* [WHAT NEEDS TO BE DONE] Without the pictures, set down every line of the data exactly.

* [PROVIDED DATA]
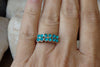 Teal Rebeka Ring. Adjustable Rectangle Ring. Rebeka Crystal Ring. Blue Rhinestone Ring. Rebeka Gemstone Gold Ring. Rose Gold Ring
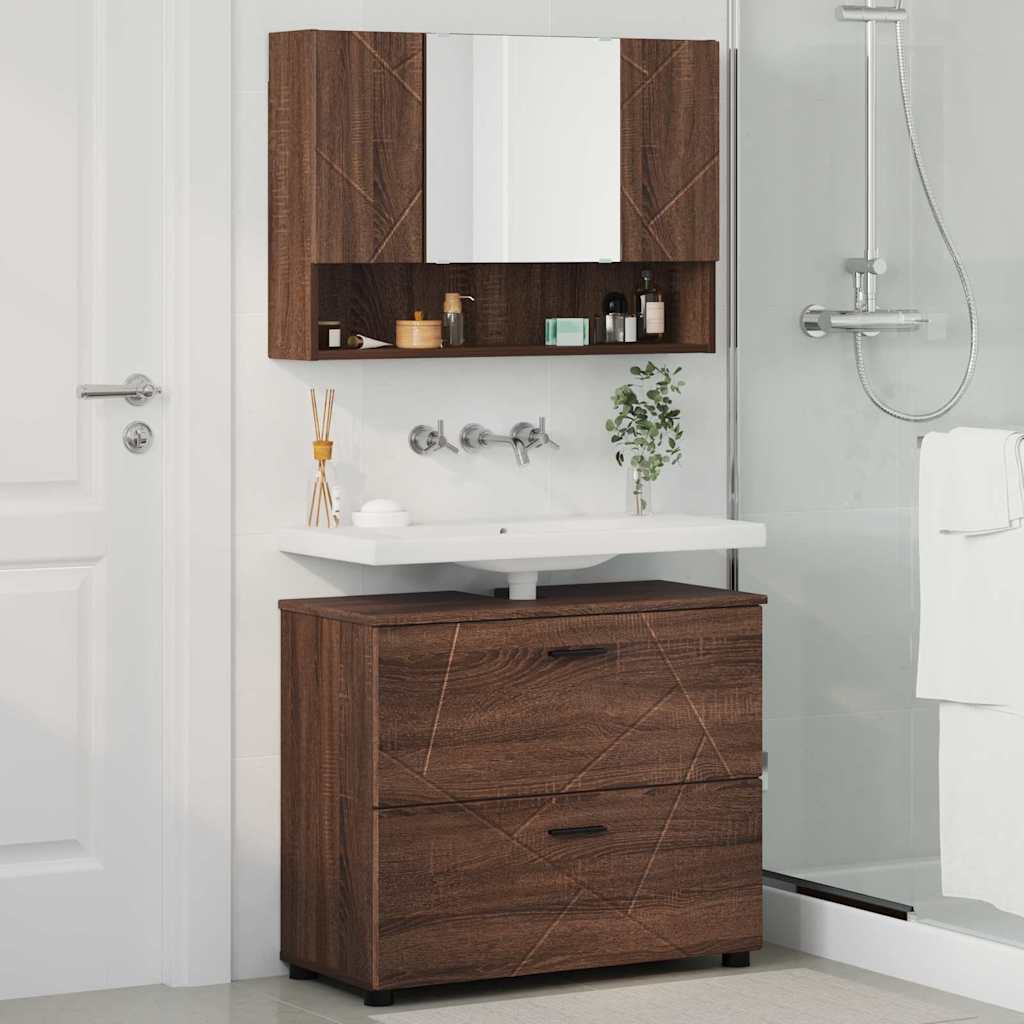 Badeværelsesmøbel sæt med hylde 2 pcs Brun eg 76,5 x 35 x 64 cm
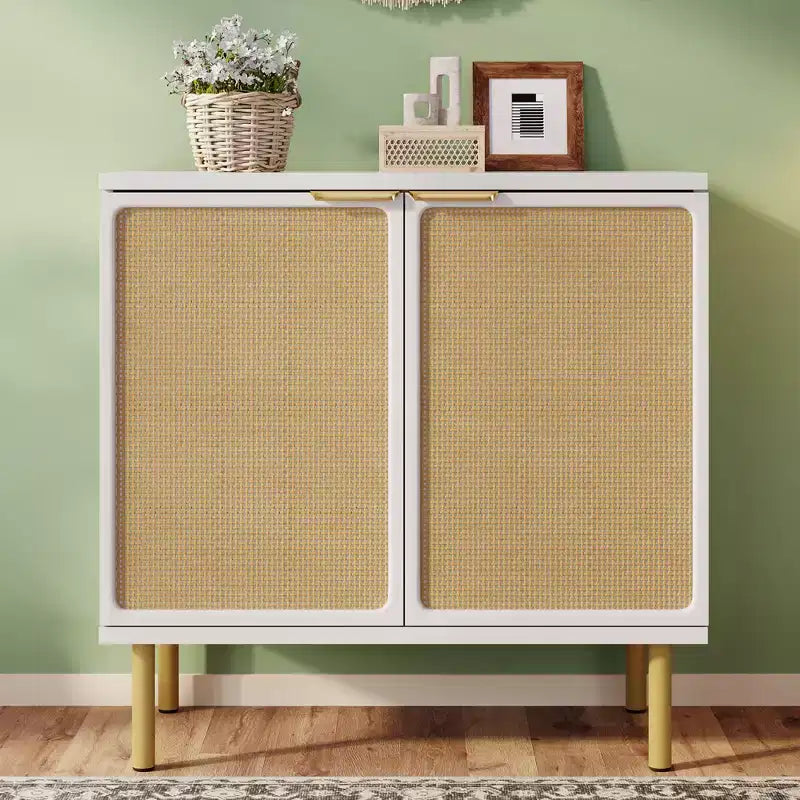 31.5" Wide Rattan 2-Door Accent Cabinet with Gold Rubberwood Legs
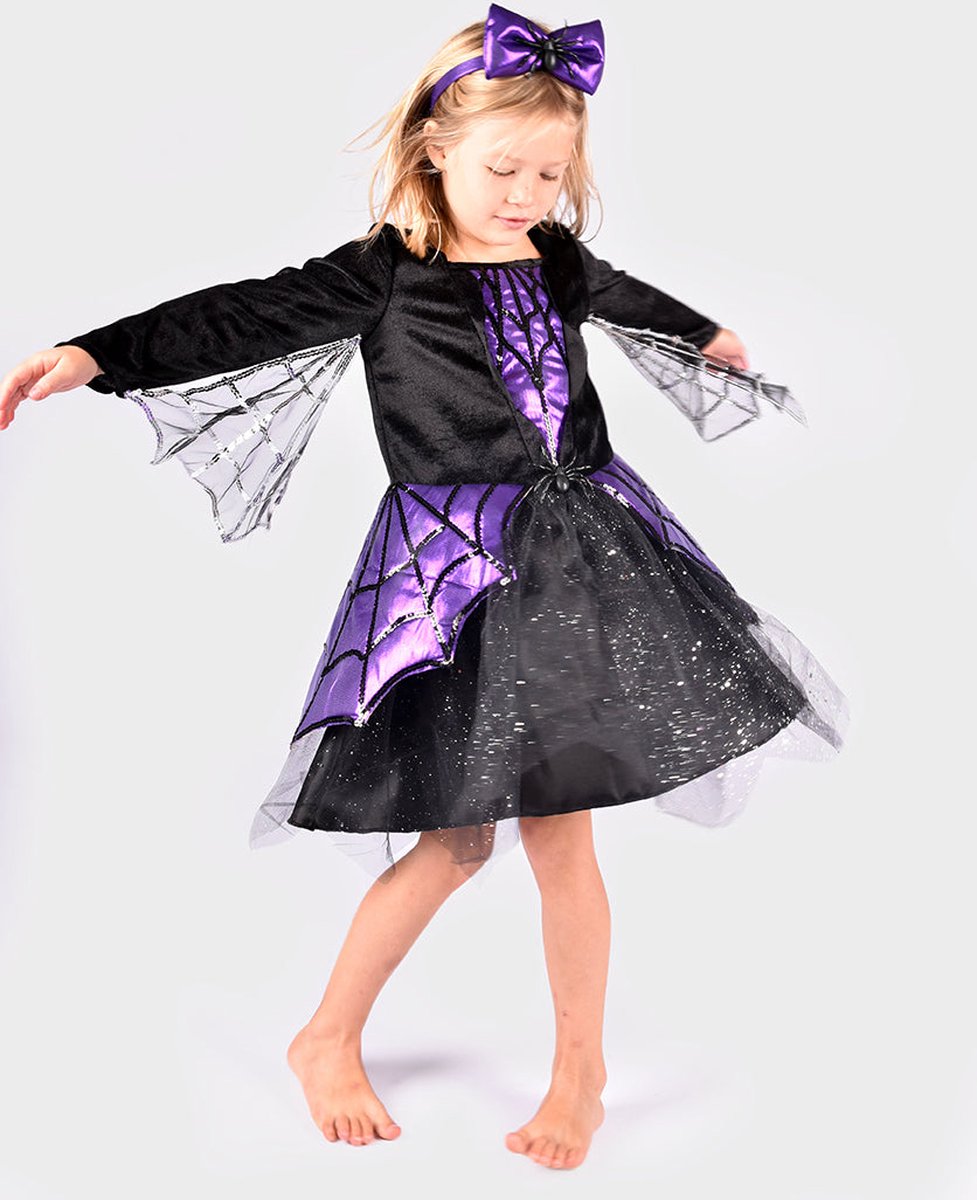 Den goda fen travestimento ragno - vestito e fascia per capelli - 110-116 cm - 4-6 anni - nero viola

* [SOLUTION]
 Teal Rebeka Ring. Adjustable Rectangle Ring. Rebeka Crystal Ring. Blue Rhinestone Ring. Rebeka Gemstone Gold Ring. Rose Gold Ring
 Badeværelsesmøbel sæt med hylde 2 pcs Brun eg 76,5 x 35 x 64 cm
 31.5" Wide Rattan 2-Door Accent Cabinet with Gold Rubberwood Legs
 Den goda fen travestimento ragno - vestito e fascia per capelli - 110-116 cm - 4-6 anni - nero viola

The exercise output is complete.